Synagogengebäude in Sien (hist. Aufn., aus: sien.de) Portalinschrift* (Skizze Ruth Eckhoff)
*Portalinschrift lautet: „Dies ist das Tor zum Ewigen, Gerechte treten durch es hinein."
Gottesdienste konnten nicht regelmäßig abgehalten werden, da die Zahl der religionsmündigen Männer oft nicht ausreichte; nur am Sabbat und allen Festtagen sollen hier - unter Teilnahme der wenigen Juden aus Oberreidenbach und Sienhachenbach - Gottesdienste stattgefunden haben; eine Synagogenordnung liegt aus dem Jahre 1874 vor. Als nach 1900 die Zahl der Gemeindeangehörigen immer mehr zurückging, wurde die Synagoge in Sien kaum noch genutzt; wenige Jahre später war jeglicher Gottesdienst eingestellt worden.
aus der Zeitschrift "Der Israelit" vom 23. Juni 1887
Die jüdischen Kinder Siens nahmen am Unterricht der lokalen evangelischen Volksschule teil; Religionsunterricht erteilte unregelmäßig ein jüdischer Lehrer.
Zu den Einrichtungen der jüdischen Gemeinde von Sien gehörten neben einer Mikwe auch der weit außerhalb des Dorfes, am „Oberen Jungewald“ gelegene kleine Friedhof; der älteste der noch ca. 50 vorhandenen Grabsteine auf dem ca. 600 m² großen Gelände stammt aus dem ausgehenden 18.Jahrhundert.
Jüdischer Friedhof in Sien (Aufn.
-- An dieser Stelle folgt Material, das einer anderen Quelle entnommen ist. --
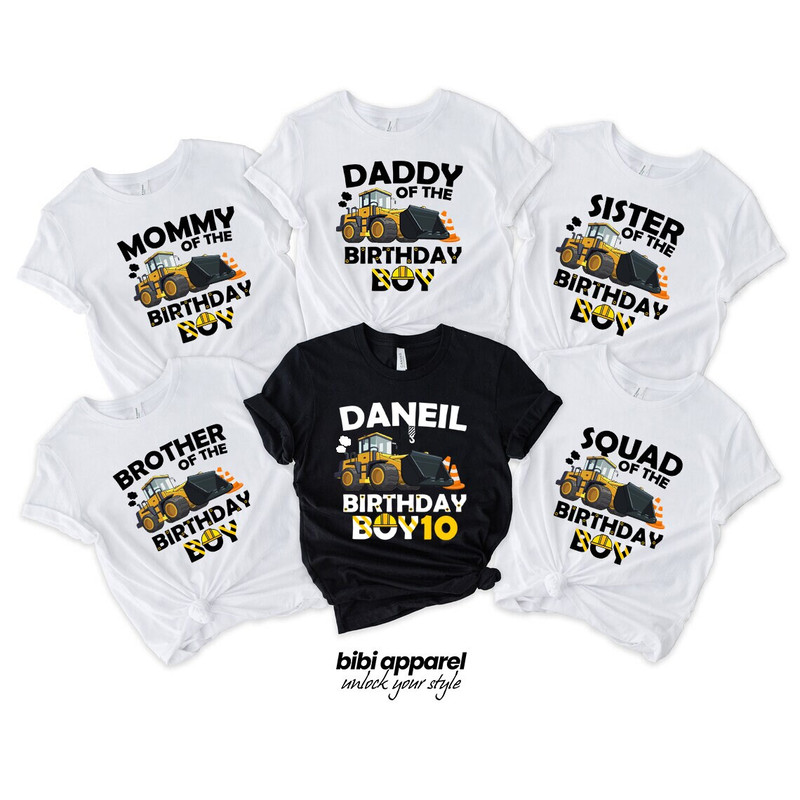 Family Construction Birthday Shirt, Construction Birthday Shirt, Personalized Construction Shirt, Birthday Boy Shirt, Yellow Truck Boy Shirt.jpg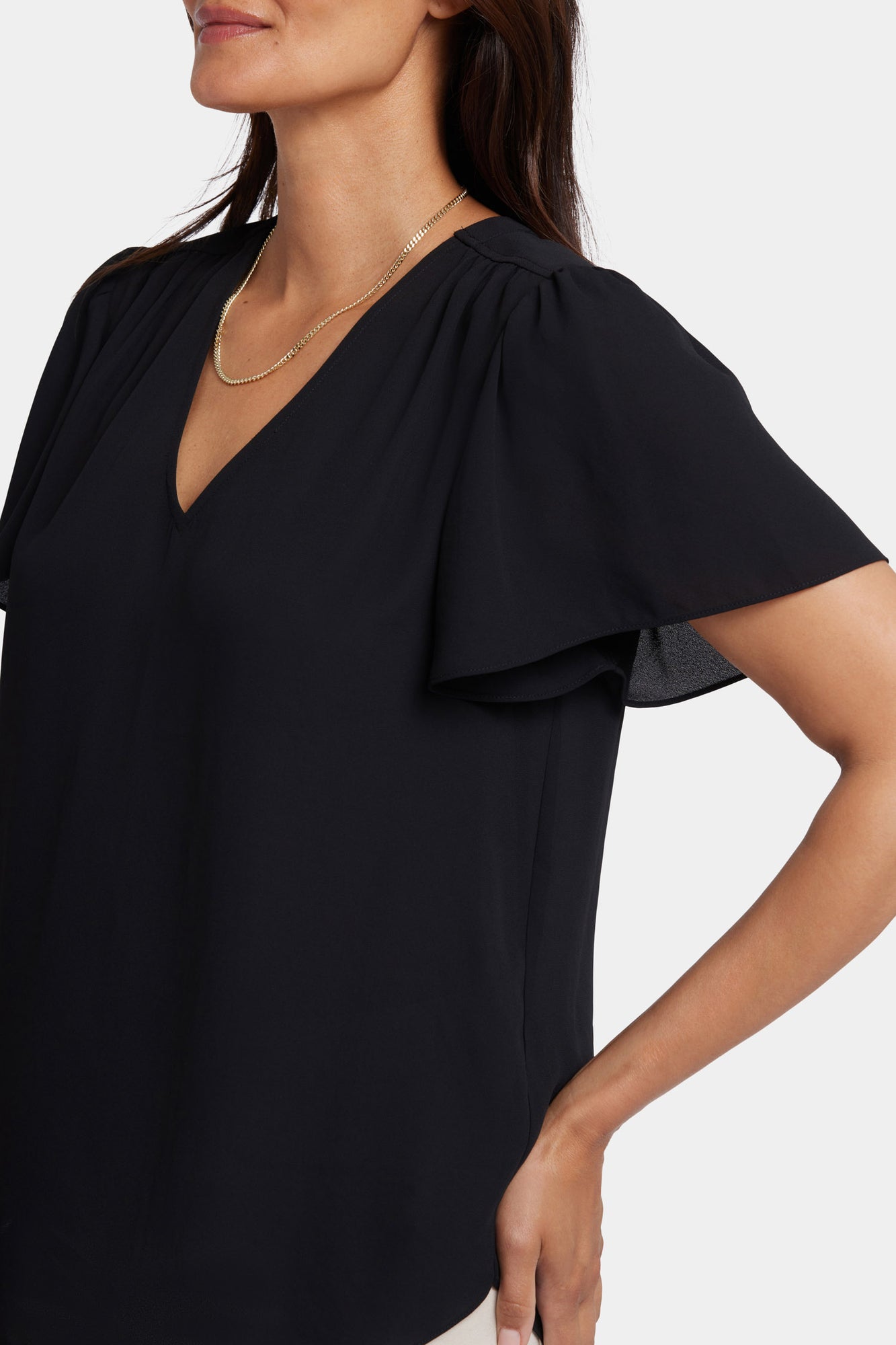NYDJ Pleated Flutter Sleeved Blouse - Black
Otmar Frühauf, 2008)
Zur jüdischen Gemeinde Sien zählten zeitweise auch die Juden aus Sienhachenbach, Oberreidenbach und Hundsbach.
Juden in Sien:
--- um 1760/70 ..................... ca. 5 - 10 jüdische Familien,
--- 1808 ........................... 42 Juden,
........................... 65 " ,*
--- 1828 ........................... 51 “ ,
--- 1834 ........................... 66 “ ,
--- 1843 ........................... 71 “ ,
........................... 203 “ ,* * Bürgermeisterei Sien
--- 1852 ........................... 72 “ (ca. 13% d. Dorfbev.),
--- 1865 ........................... 165 “ ,*
--- 1895 ........................... 36 “ ,
--- 1925 ........................... 10 “ ,
--- 1941 ........................... 6 “ ,
--- 1942 (Dez.) .................... keine.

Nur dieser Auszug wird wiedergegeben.